Anyone who was fortunate enough--or unfortunate enough, as the case may be--to have been at the Goleta Valley Community Theater nearly a decade ago couldn't possibly have forgotten the show that was going on in the audience as well as on stage.
As three local punk bands thrashed the night away, dancers or "slammers" in the audience--all of them males with short hair, colorful hair or no hair, and with looks in their eyes that could have scared the Predator's meaner brother--were beating each other's brains out in front of the stage.
When the headliners for the night took the stage, the raucous crowd didn't applaud. They began to spit--and with amazing accuracy too. In no time, the singer was soaking wet. After the hour show, the singer returned backstage, toweled himself off, put on his clean shirt and left with his date.
No one was killed, but the promoter got arrested.
The group was Fear, of course, which is just nature's way of scaring us.
It didn't take long for Fear to be called "the most notorious band in America."
"I'd say that's fair enough," Fearful frontman Lee Ving said in a recent phone interview.
Fear, gone from sight for several years, was John Belushi's favorite band. Belushi's not coming back, but look out, Fear is. The end result will still be wild, but with fewer beat-up cops and a better beat.

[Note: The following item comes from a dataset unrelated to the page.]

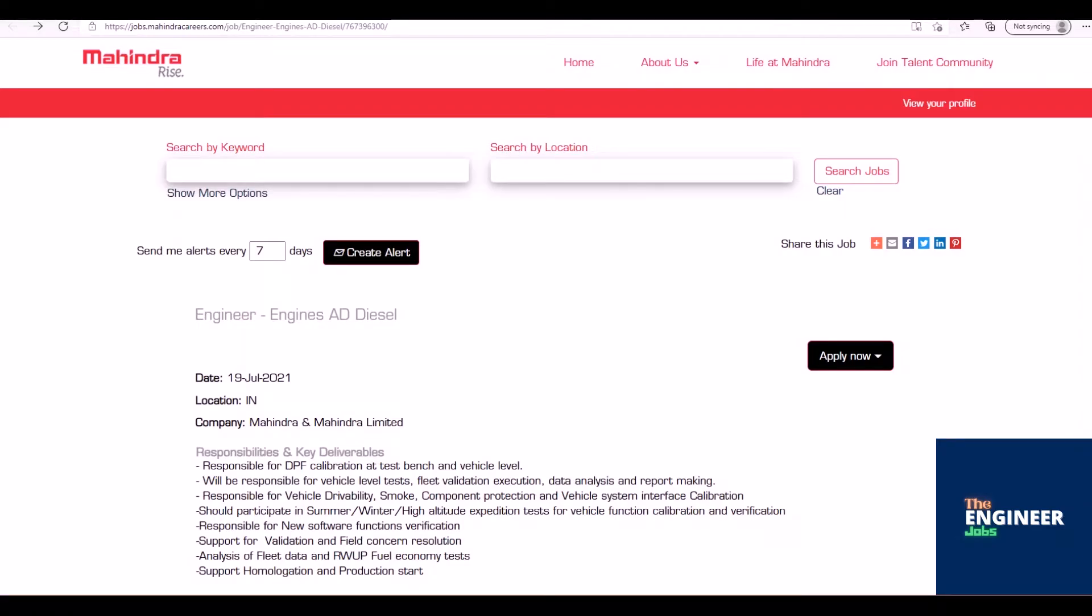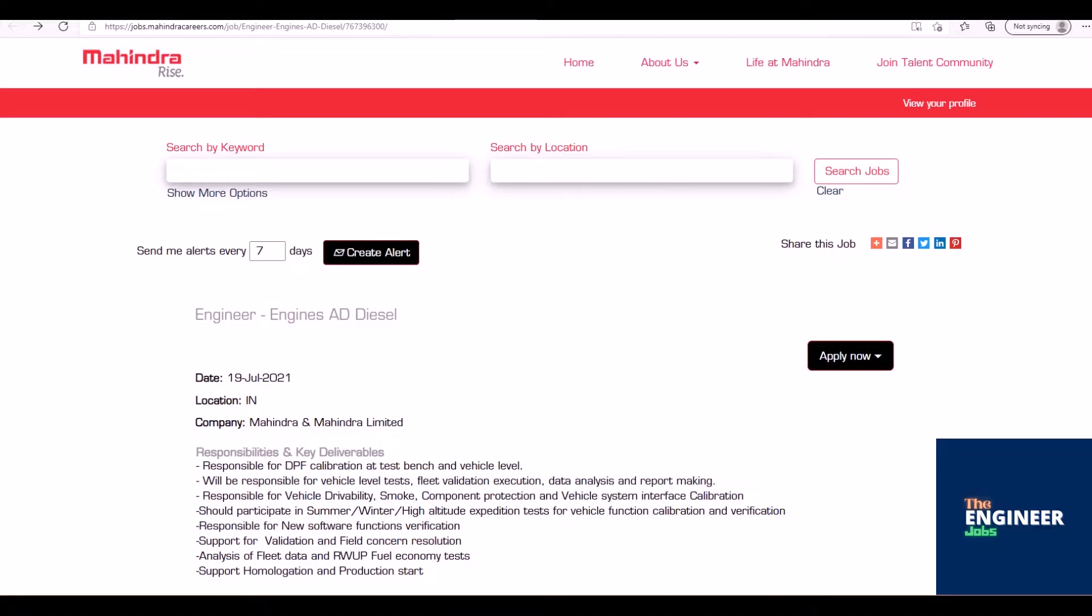Welcome to the Engineer Jobs. Mahindra & Mahindra Ltd is hiring for the post of diesel engineer having 2-5 years of experience with BE, B.Tech, ME, M.Tech in Automobile or Mechanical Engineering. Location is across India.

"We're back on the map and here to stay," Ving said. "It's difficult to put your finger on, but I think the world has finally caught up with our music. Other groups have become successful playing a style that we started; it's a style that people can relate to. Gradually, I began to see that if we were out there, we could have the success we should've had five or seven years ago."
The band was formed in the San Fernando Valley by Ving in 1978, but has been missing in action since 1986 until this spring. Maybe they had to get their shots and steam-clean their gear. The original lineup included Ving on lead growls and rhythm guitar, Philo Cramer on lead guitar, Derf Scratch on bass and Spit Stix on drums.
Scratch will be replaced by Will McGregor for the current tour, which will include a boozeless blowout tonight at the Anaconda Theater in Isla Vista, the place without a liquor license but just as many cops outside. Another gig planned for the same venue in March was gonged at the last minute, but a show in L. A. at the Palladium the same month was just like old times.
"Man, you couldn't have gotten another person in that place with a shoehorn," Ving said. "There were as many people outside as there were inside. There were 100 helmeted riot police, the CNN helicopter and a bunch of skinheads with baseball bats looking for cops. It was great."
Recently, Ving said, the group sold out a show in New York, "so I figure since we've sold out on both coasts, it's time for the rest of the country."
In addition to its raucous live performances, Fear is remembered for a wild first and last appearance on "Saturday Night Live" back in 1981. This may be the one show you won't catch on Nick at Nite.
"They said we caused half a million dollars worth of damage, but nothing much really happened," Ving claimed. "Some piece of equipment worth 50 bucks got broken. Then someone from the audience said a four-letter word over the microphone that they couldn't bleep out.
"We didn't have anything to do with that. We were just trying to give a good performance. I guess it was a historical event. It's never been on again, or so I've heard. One guy in New York was selling grainy bootleg copies for 40 bucks."
After the SNL appearance, the band went on to record perhaps the definitive punk album, "The Record," recently reissued on CD, even though the name didn't get changed to "The CD."
The album is boorish, disgusting, grotesque, gnarly--and lots of fun to anyone with a slightly demented sense of humor. The 15-song CD only lasts 27 minutes, so it's over before you can get tired of it. Very little of "The Record" is suitable for airplay, nor are the lyrics suitable for quotation in a family newspaper.
One cut, called "New York's Alright If You Like Saxophones" is the all-time anti-Noo Yawk song. If they played it at a Kings game, there'd probably be a bigger fight in the stands than on the ice.
"I Love Livin' in the City" questions why anyone would want to live anywhere larger than Meiners Oaks. And echoing Jonathan Swift's logic, except with speed of light guitars, the cure for crowding is simple: "Let's Have a War."
The rest, well, never mind--except to say the CD has a bonus track featuring a bah humbug anti-Christmas song. It won't be on MTV either.
Fear had a less successful follow-up to "The Record" called "More Beer" in 1985, followed by a live album recorded the same year but just recently released on Restless Records. But don't expect any of those "all-the-hits-all-the-time" radio stations to bump Mariah Carey for Fear.